So the condition2==TRUE has a higher priority. If the original block is same
as below:

always @(posedge clk or negedge rtsn)
if ( rtsn ==1'b0 )
a <= 1'b0;
else begin
if ( condition2 == TRUE ) a <= 1'b1;
else if ( condition1 == TRUE ) a <= 1'b0;
else a <= a;
end
end
 
Kiran wrote:
Hi,

In the following code,

always @(posedge clk or negedge rstn)
begin
if (rstn == 1'b0)
begin
.
.
a <= 1'b0;//reset condition
end
else
begin
.
.
if ( condition1 == TRUE )
begin
a <= 1'b0;
end
.
.
if (condition2 == TRUE)
begin
a <= 1'b1;
end

end
.
end

what's happening is that FF 'a' is being assigned under 2 unrelated if
statements. 'condition1' and 'condition2' are not related. Will this
cause a simulation vs. synthesis mismatch?
No.

What will happen in
simulation & synthesis for this kind of code?
No problem with either. Probably you are concerned about the case in which
both conditions are true. In this case the last condition "wins", as
required by the code. The logic implementation is a piece of cake for
a synthesis tool, but surprizingly difficult to understand by many
designers, typically those who overemphasize "thinking hardware".

In the future it may help by not thinking of 'a' as *being* a flip-flop,
but just a Verilog reg (which is something completely different), that
needs to be *implemented* with a flip-flop and logic according to
the way it is used in the code.

Regards, Jan

--
Jan Decaluwe - Resources bvba - http://jandecaluwe.com
Losbergenlaan 16, B-3010 Leuven, Belgium
Bored with EDA the way it is? Check this:
http://jandecaluwe.com/Tools/MyHDL/Overview.html
 
Kiran wrote: (some stuff clipped)
always @(posedge clk or negedge rstn)
begin
.
.
if ( condition1 == TRUE ) begin
a <= 1'b0;
end .
.
if (condition2 == TRUE)
begin
a <= 1'b1;
end
end
.
end
Jan replied:

Probably you are concerned about the case in which both conditions
are true. In this case the last condition "wins", as required by the
code.
What about "glitches"?

Is the simulator REQUIRED to eliminate the possible transition of the
output signal a from it's input value (say x) to 0, before
transitioning a to it's final value 1, when both conditions are true?

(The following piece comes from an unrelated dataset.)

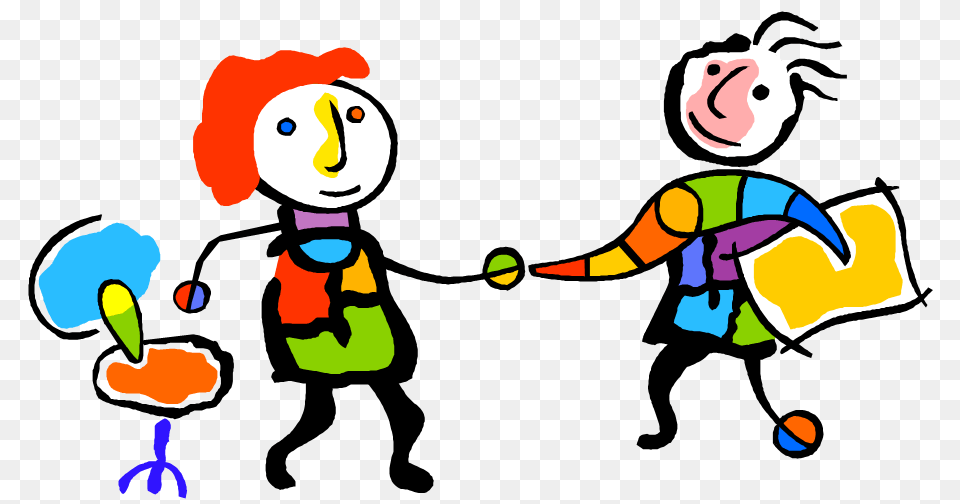 Family Teacher Cliparts, Baby, Person, Performer, Animal Free Png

That is, if there is other code that does:

always @ ( negedge a ) $display ("negedge\n");
always @ ( posedge a ) $display ("posedge\n");

Is the simulator prohibited from printing the negedge message, if at
the clock edge both condition1 and condition2 are true? I could
believe that the simulator is not required to display negedge, but
prohibited from doing so?

The way I read section 5.4.1 of the standard, I see it guaranteeing
that there will be a (simulation) glitch, which is exactly the
opposite of what your response implies.

Explain to me where I am confused (where in the standard it guarantees
that the glitch is prvented).

Note, unless the synthesizer is capable of intentinally generating
gates that create glitches, it would seem that there could be a
synthesys/simulation mis-match (as the simulator might glitch and the
resulting synthesized hardware, might not). Moreover, if instead of
$display statements, one was using "a" as a clock on some other gates,
I could see those gates as triggering on the glitch in the simulator,
but potentially, not triggering if the glitch was removed in synthesis,
unless the synthesis tool was creative enough to substitute some much
fancier code in place of "a" on the clocks of the downstream flops.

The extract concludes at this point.